[[ DATASET EXTRACT, beginning ]]

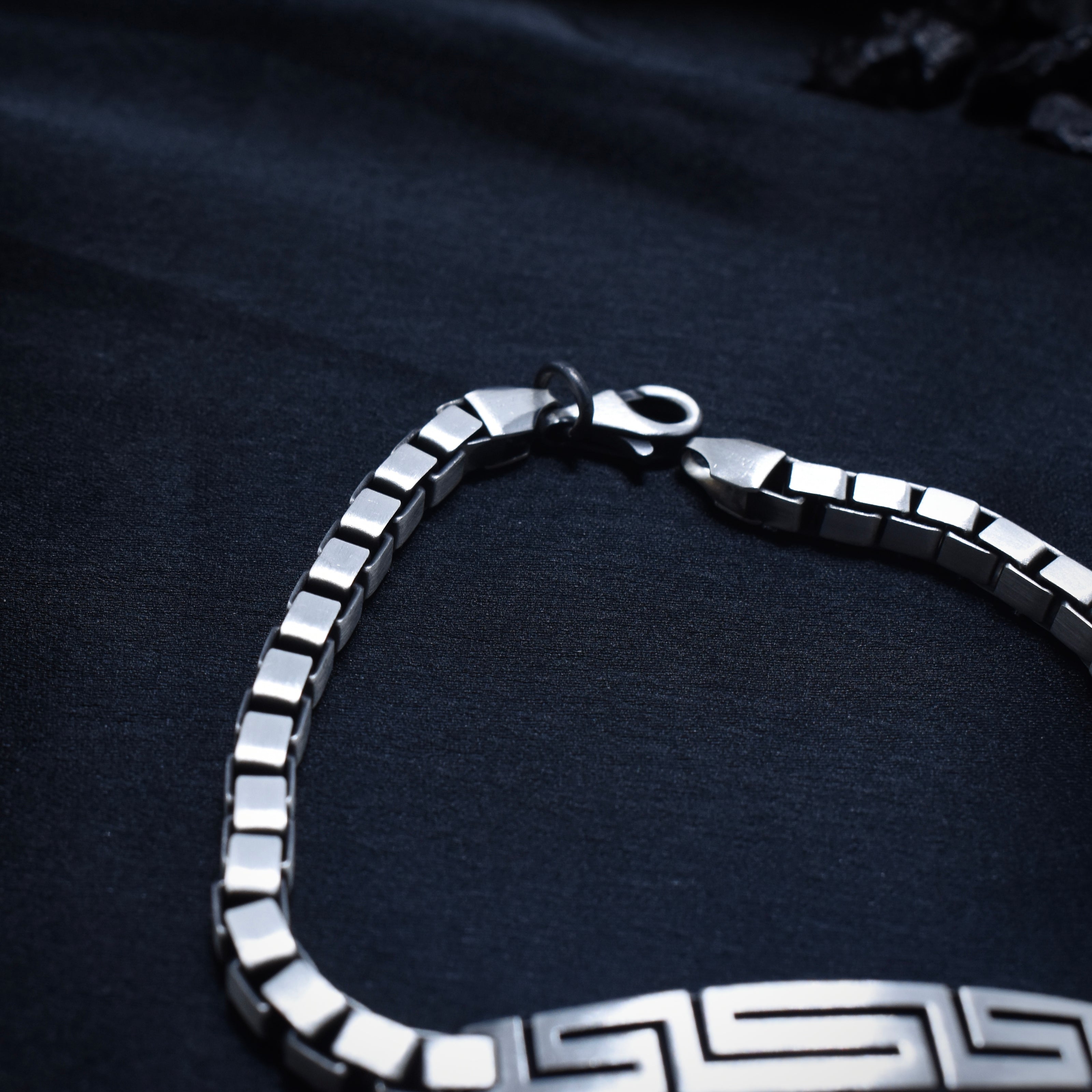 Greek Box Chain Bracelet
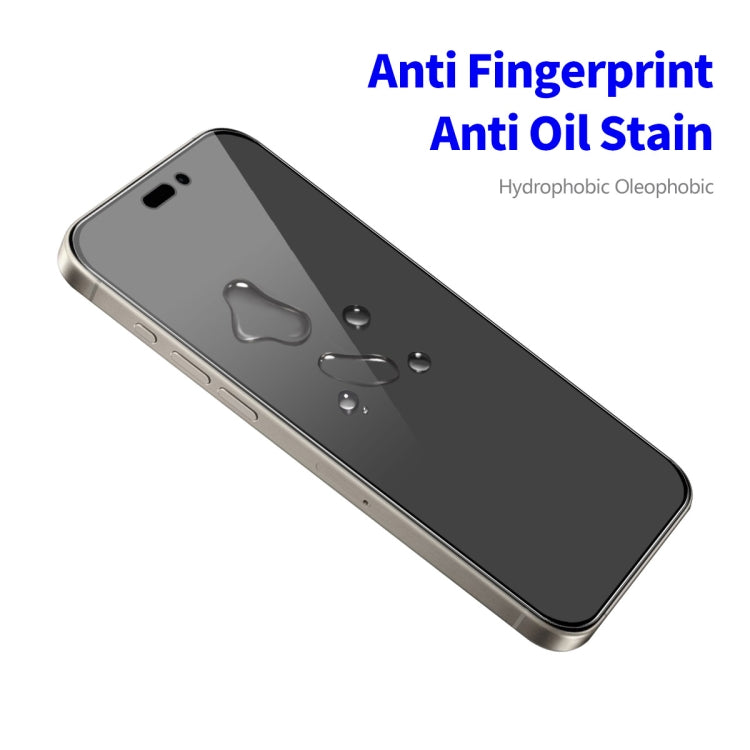 For iPhone 15 Pro ENKAY Hat-Prince 28 Degree Anti-peeping Tempered Glass Full Screen Film - HoMEdemic™ 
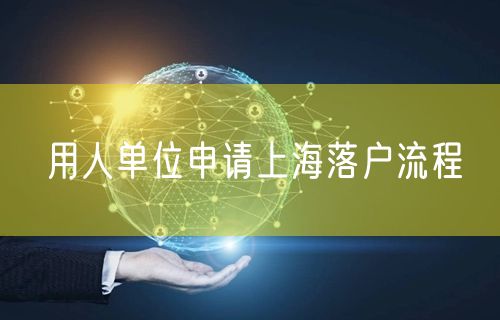 用人单位申请上海落户流程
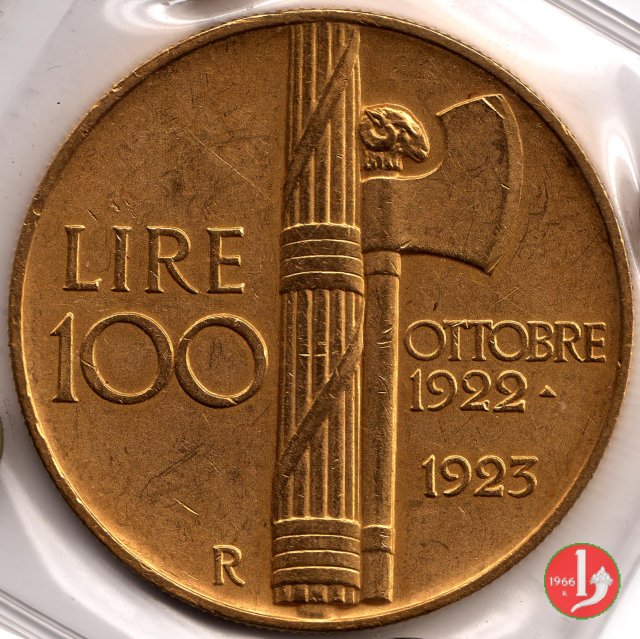 100 lire fascio 1923 (Roma)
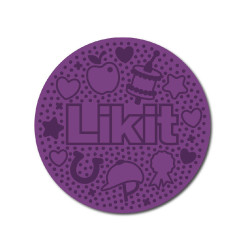 Tapete para lamer LIKIT Graze Maze Púrpura Violeta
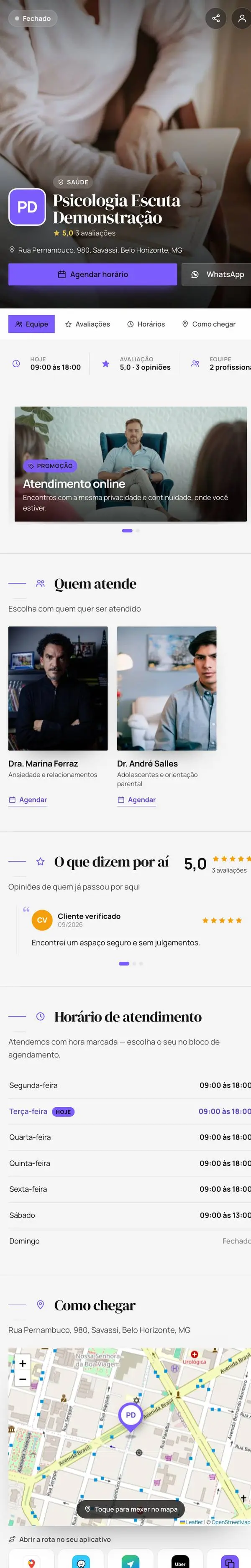 Modelo Psicologia Escuta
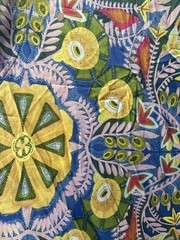 Ginger & Smart Silk Maxi Dress w Pink Bird & Botanical Mandala Kaleidoscope sz 8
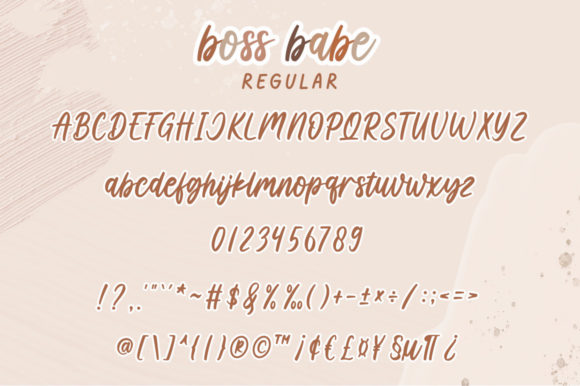 Boss Babe Font Poster 6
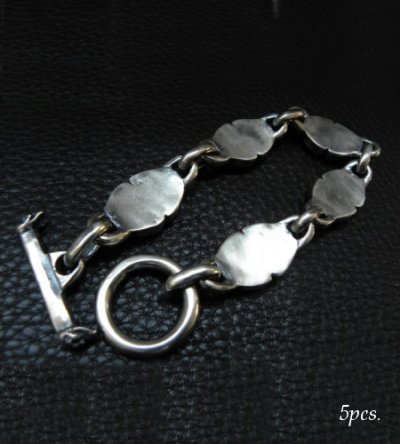 Photo2: All Sculpted Oval Links Bracelet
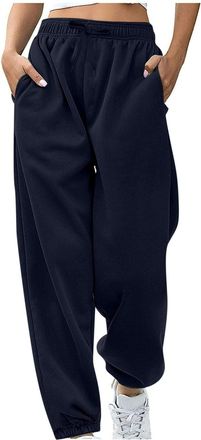 Generic Womens Plain Tracksuit Joggers Pants Drawstring Elastic Waist Baggy Sweatpants Casual Sports Workout Running Sweatpant with Pockets Women Joggers Bott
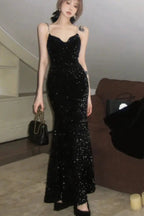 Sequins Mermaid Maxi Dress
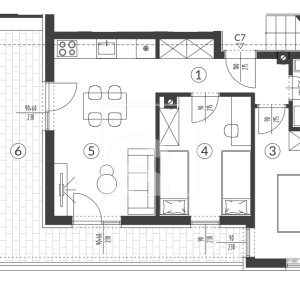 Novogradnja na mirnoj lokaciji - gradnja 2027g.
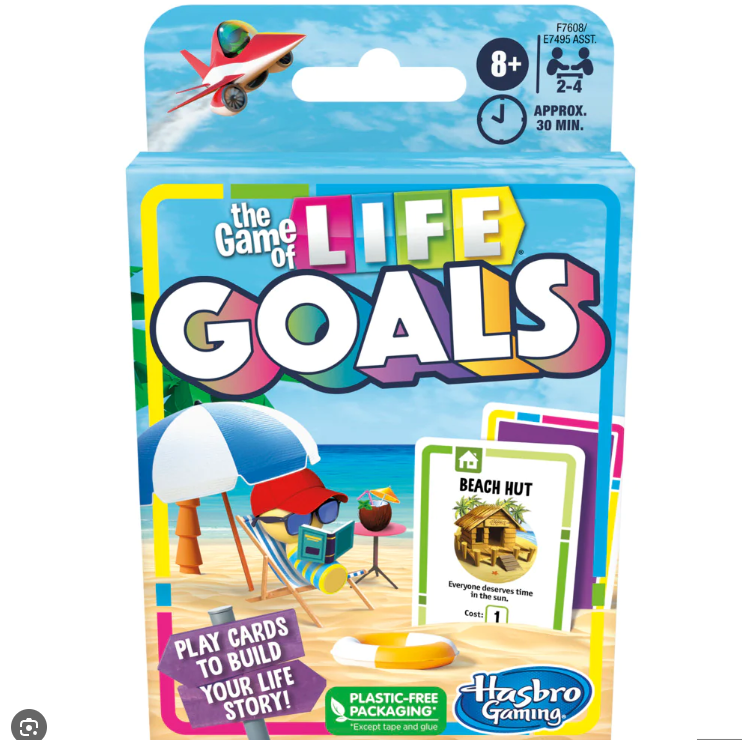 Hasbro Life Goals Card Game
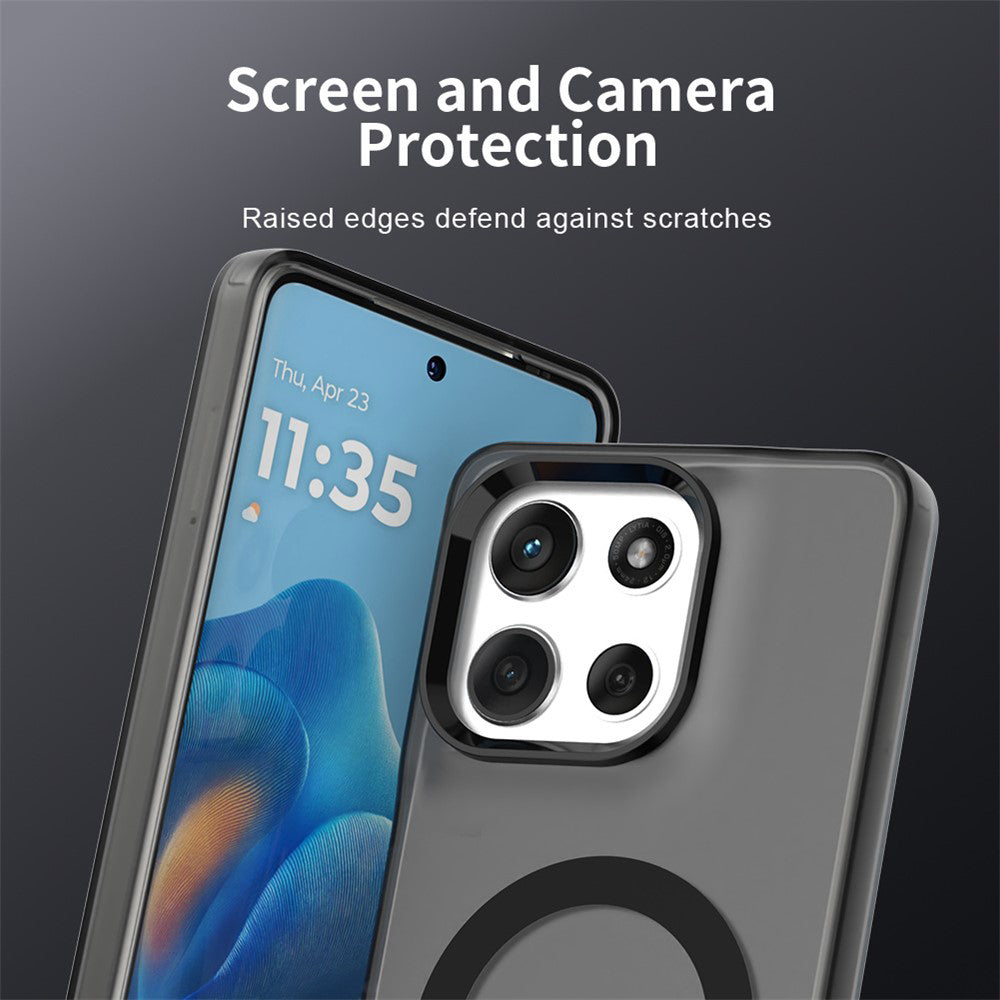 Калъф MagSafe за Motorola Moto G86, Techsuit, CandyCase, Черен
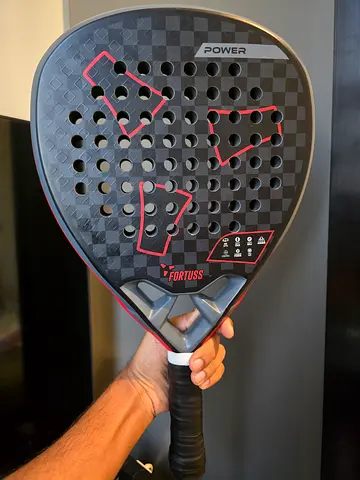 FORTUSS Diamond Padel Racket - Full carbon + Bag + New Grip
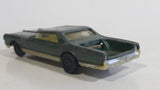 Vintage Husky Oldsmobile Spitfire Coupe Dark Olive Green Die Cast Toy Car Vehicle - Made in Great Britain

[[ DATASET EXTRACT, end ]]

WHAT IS NEEDED:
Without the images, write out each line of the data verbatim.

WRITTEN SOLUTION:
 Greek Box Chain Bracelet
 For iPhone 15 Pro ENKAY Hat-Prince 28 Degree Anti-peeping Tempered Glass Full Screen Film - HoMEdemic™ 
 用人单位申请上海落户流程
 100 lire fascio 1923 (Roma)
 Tapete para lamer LIKIT Graze Maze Púrpura Violeta
 Modelo Psicologia Escuta
 Ginger & Smart Silk Maxi Dress w Pink Bird & Botanical Mandala Kaleidoscope sz 8
 Boss Babe Font Poster 6
 Photo2: All Sculpted Oval Links Bracelet
 Generic Womens Plain Tracksuit Joggers Pants Drawstring Elastic Waist Baggy Sweatpants Casual Sports Workout Running Sweatpant with Pockets Women Joggers Bott
 Sequins Mermaid Maxi Dress
 Novogradnja na mirnoj lokaciji - gradnja 2027g.
 Hasbro Life Goals Card Game
 Калъф MagSafe за Motorola Moto G86, Techsuit, CandyCase, Черен
 FORTUSS Diamond Padel Racket - Full carbon + Bag + New Grip
 Vintage Husky Oldsmobile Spitfire Coupe Dark Olive Green Die Cast Toy Car Vehicle - Made in Great Britain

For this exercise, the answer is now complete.